Work task: The required output is the exact run of lines below that opens at the line with "Девушка с фотоаппаратом Minolta" and closes at the line with "PRETTY Little Thing".

Material shown:

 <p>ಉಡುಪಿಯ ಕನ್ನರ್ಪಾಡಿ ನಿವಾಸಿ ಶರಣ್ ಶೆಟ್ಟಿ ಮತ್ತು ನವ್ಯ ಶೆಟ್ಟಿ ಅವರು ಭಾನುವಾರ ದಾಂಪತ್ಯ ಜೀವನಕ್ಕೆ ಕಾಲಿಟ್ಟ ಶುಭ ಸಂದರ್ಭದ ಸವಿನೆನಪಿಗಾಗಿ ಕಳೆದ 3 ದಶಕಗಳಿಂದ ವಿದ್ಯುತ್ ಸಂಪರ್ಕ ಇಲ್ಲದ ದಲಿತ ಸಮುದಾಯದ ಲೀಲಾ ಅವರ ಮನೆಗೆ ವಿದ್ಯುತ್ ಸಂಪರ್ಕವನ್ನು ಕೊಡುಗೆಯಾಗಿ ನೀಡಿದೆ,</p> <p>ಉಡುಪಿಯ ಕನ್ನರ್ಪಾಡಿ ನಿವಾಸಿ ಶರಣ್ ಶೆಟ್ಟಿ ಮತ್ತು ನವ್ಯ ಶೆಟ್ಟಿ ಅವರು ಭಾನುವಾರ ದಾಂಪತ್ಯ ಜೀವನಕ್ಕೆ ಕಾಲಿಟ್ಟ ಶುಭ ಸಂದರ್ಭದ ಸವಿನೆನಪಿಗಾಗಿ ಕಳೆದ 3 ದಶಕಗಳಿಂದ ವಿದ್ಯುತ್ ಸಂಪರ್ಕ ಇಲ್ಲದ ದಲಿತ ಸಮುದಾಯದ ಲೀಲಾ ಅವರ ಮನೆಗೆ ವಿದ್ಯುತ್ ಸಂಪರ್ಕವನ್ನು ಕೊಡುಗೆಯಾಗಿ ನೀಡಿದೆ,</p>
---
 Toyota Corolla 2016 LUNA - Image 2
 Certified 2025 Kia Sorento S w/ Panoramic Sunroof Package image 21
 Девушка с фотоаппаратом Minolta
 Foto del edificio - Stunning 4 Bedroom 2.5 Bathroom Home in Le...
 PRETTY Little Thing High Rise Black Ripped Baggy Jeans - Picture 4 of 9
...
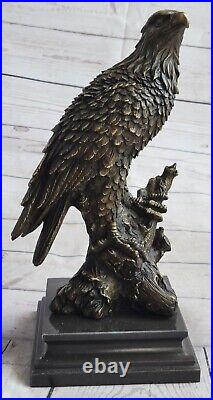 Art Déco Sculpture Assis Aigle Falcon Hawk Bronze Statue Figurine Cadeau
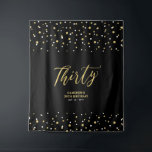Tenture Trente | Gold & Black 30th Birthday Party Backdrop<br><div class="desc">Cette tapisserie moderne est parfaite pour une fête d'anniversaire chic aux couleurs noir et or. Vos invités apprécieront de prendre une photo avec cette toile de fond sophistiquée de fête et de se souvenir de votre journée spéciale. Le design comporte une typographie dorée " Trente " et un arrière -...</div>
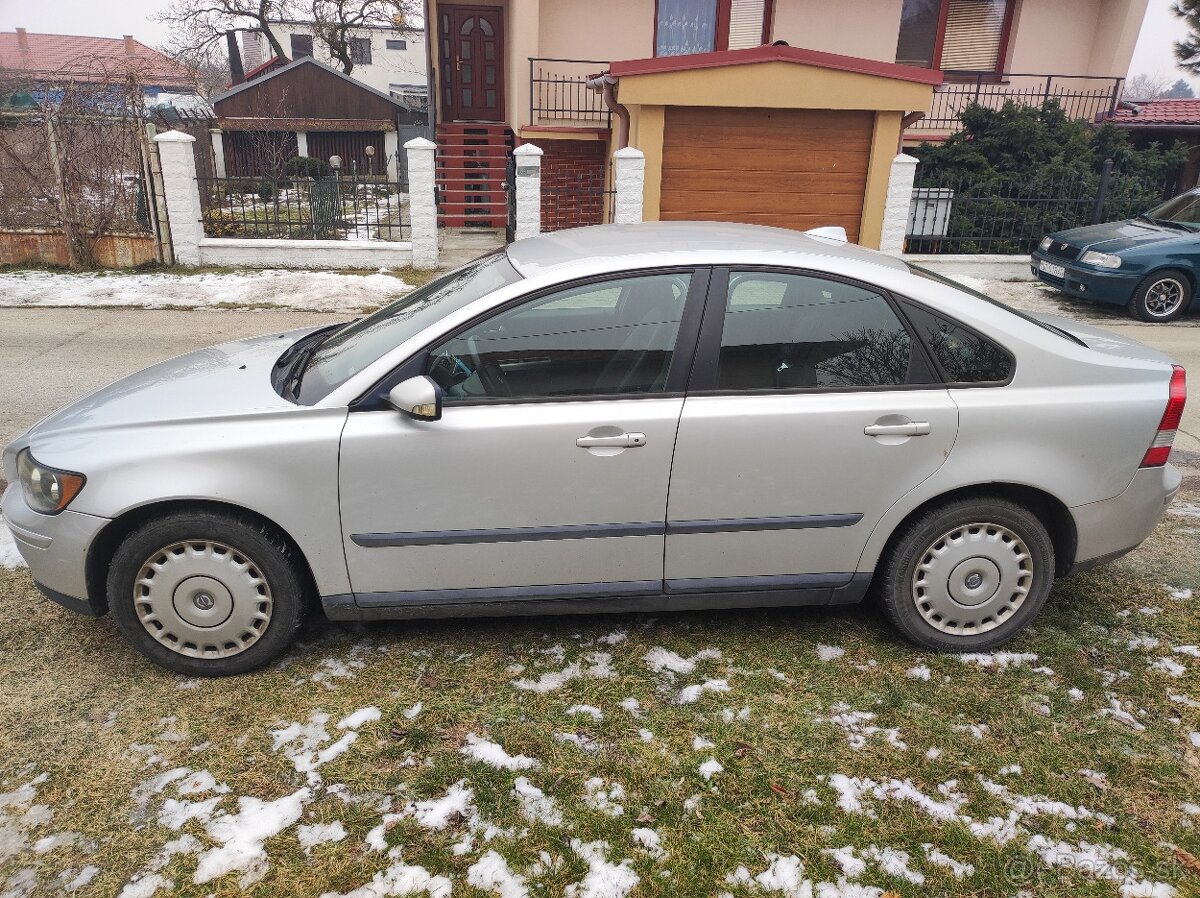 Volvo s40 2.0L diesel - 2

Task output:
 Девушка с фотоаппаратом Minolta
 Foto del edificio - Stunning 4 Bedroom 2.5 Bathroom Home in Le...
 PRETTY Little Thing High Rise Black Ripped Baggy Jeans - Picture 4 of 9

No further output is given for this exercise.